When we developed that program, we’d hoped to reach an audience for whom Design in a Day™ wasn’t quite enough, but who also weren’t quite ready for an intensive, long, customized, strategic process and its price point. We knew what the vast majority of those clients would need, and crafted a solution meeting those needs using our productized services philosophy. (Want to get me talking?
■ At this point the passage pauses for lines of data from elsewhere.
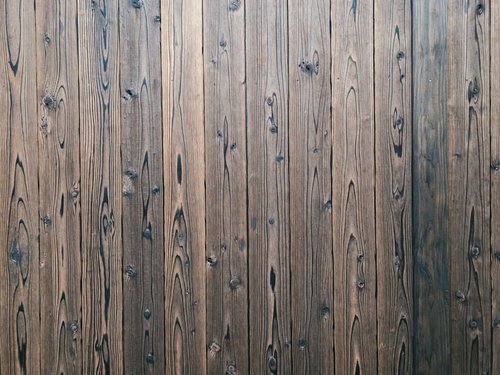 節の目立つ木の板壁のテクスチャー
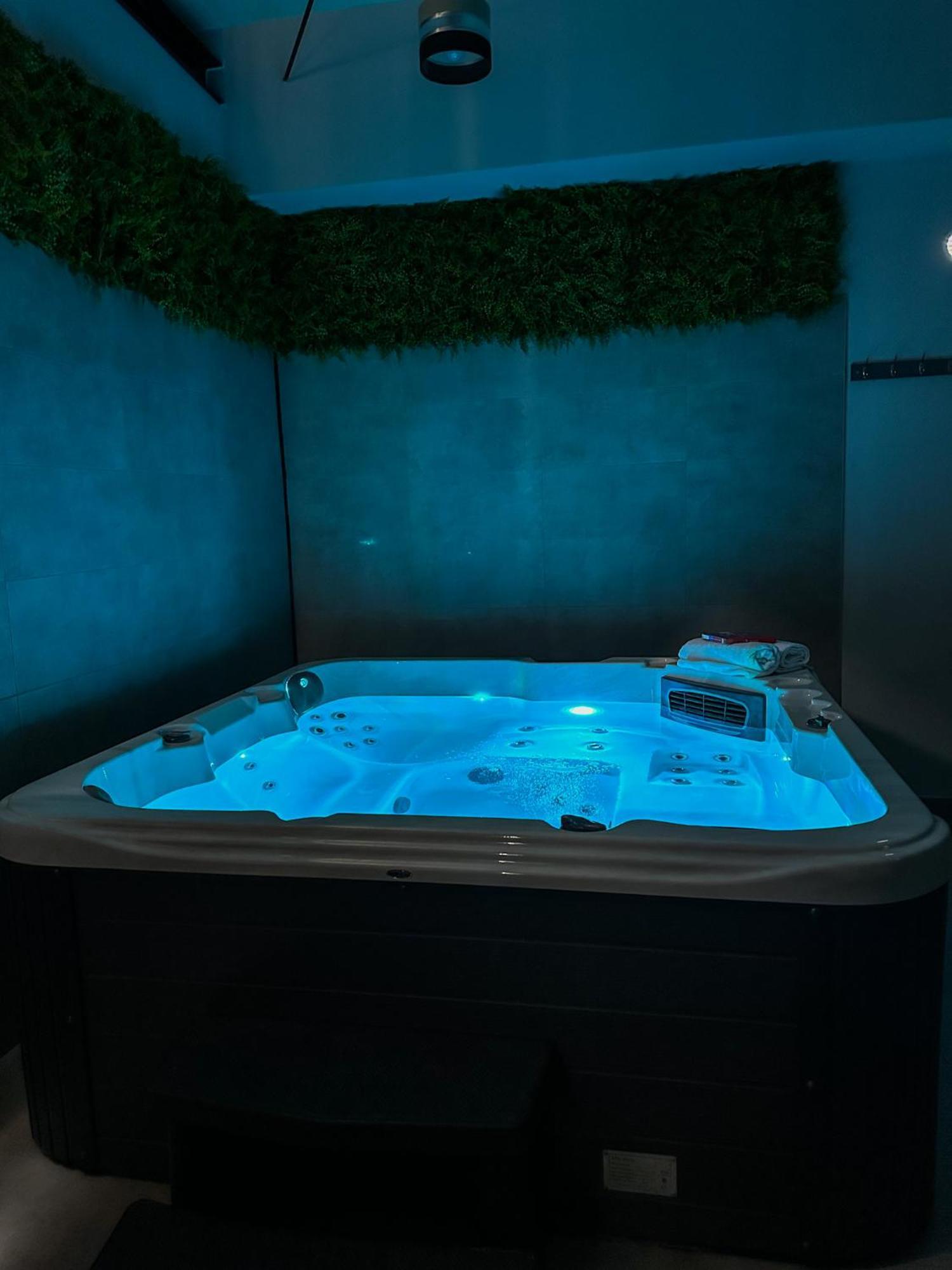 Xxl Rooms Осиек Экстерьер фото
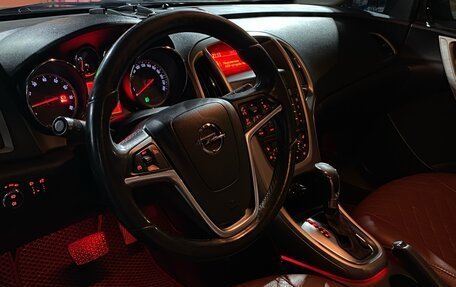 Opel Astra J, 2011 год, 850 000 рублей, 7 фотография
Ask me about productized services!)

But what I’ve discovered is that in between is sometimes not the best solution. Every single one of our projects that were under that umbrella quickly morphed into custom projects, with the accompanying timelines, eliminating the big advantage of something streamlined and efficient.

This experience taught me two things:

1) What I already mentioned, that an in between solution isn’t the best solution, as much as we’d like it to be.

2) It’s okay to kill something, even if it’s working on paper and the numbers pencil out.

I’ve been working really hard at a massive website overhaul of my own, and have been going through the site seeing services and information that simply “exists” but no longer service our clients or our business. (Think of it like Marie Kondo for your business or organization.)

And I’ve been ruthless with killing that stuff. The service I mentioned above is definitely the biggest and most successful thing that I chose to eliminate, and while thinking about getting rid of it made me anxious (like I said, the pricing bridge between DIAD and our more traditional process made it reasonably popular), redirecting those links was like a giant weight was gone. But lots of little things also got the ax. That relatively popular blog post that, in retrospect, raised more questions than it answered? Gone. That page about ecommerce even though we haven’t taken on a traditional ecomm project in at least two years? Goodbye! If someone asks for that info, we’re happy to send it, but it doesn’t need to be taking up space and confusing people.

When I talk to clients, I often hear the refrain, “We need to keep that because some people still want it.” But my question is, do they still NEED it? Or, rather, is it getting in the way of your longterm goals and preventing you from helping your audience as much as you can? The answer may surprise you.